I finished with some more Messier globulars, M5, M56 and M3, before packing up.
Date: 13th May 2012
Conditions: Cool, slight dew, breezy.
Transparency: II-III; Seeing: II, NE Limiting Mag: 5.8 to 6.0 later before deteriorating badly.
Equipment: 18″ f/4.3 Dob with 22mm TeleVue Panoptic (90x), 15mm TeleVue Plossl (132x)

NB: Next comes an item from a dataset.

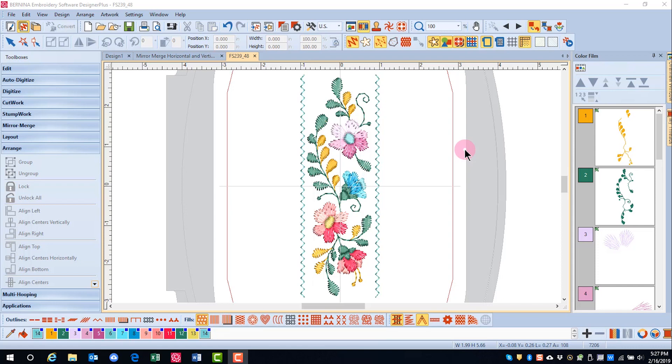The Arrange Toolbox can be used to group and ungroup, lock and unlock, align, and space elements in a design.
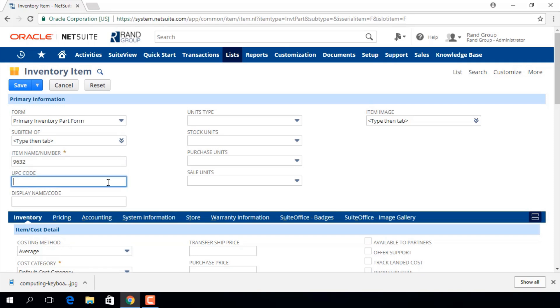Here we will input a UPC code and in this display name field we will enter what we want to print in the item column of sales forms.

The sky was not that good although the transparency did improve slightly later. I ended up just observing three objects, all globular clusters, NGC 6229 in Hercules (another re-visit to something I’d not seen in years), M92 (the last time I looked at this was in 1999) and I had another crack at NGC 5053, this time successfully, despite the less-than-optimal sky conditions. NGC 5053 was faint, very faint and amounted to nothing more than a roundish glow with stellarings in moments of good seeing and no central condensation whatsoever. As globular clusters go, it is a pretty poor specimen!
I decided to go after some more galaxy clusters but the transparency gave out completely and the sky became extremely milky. When it’s like that, it’s no good for anything, much less faint galaxies which vanish if even the slightest bit of haze appears.
So, it was a couple of good sessions – well, one excellent session and one not-so-hot one. It’s been a mediocre year so far for observing, with not many sessions because ‘life’ has just plain got in the way, although it had been quite clear up until the second week of April when the period of bad weather set in. I’ve done most of my observing at the IoW and Texas SPs.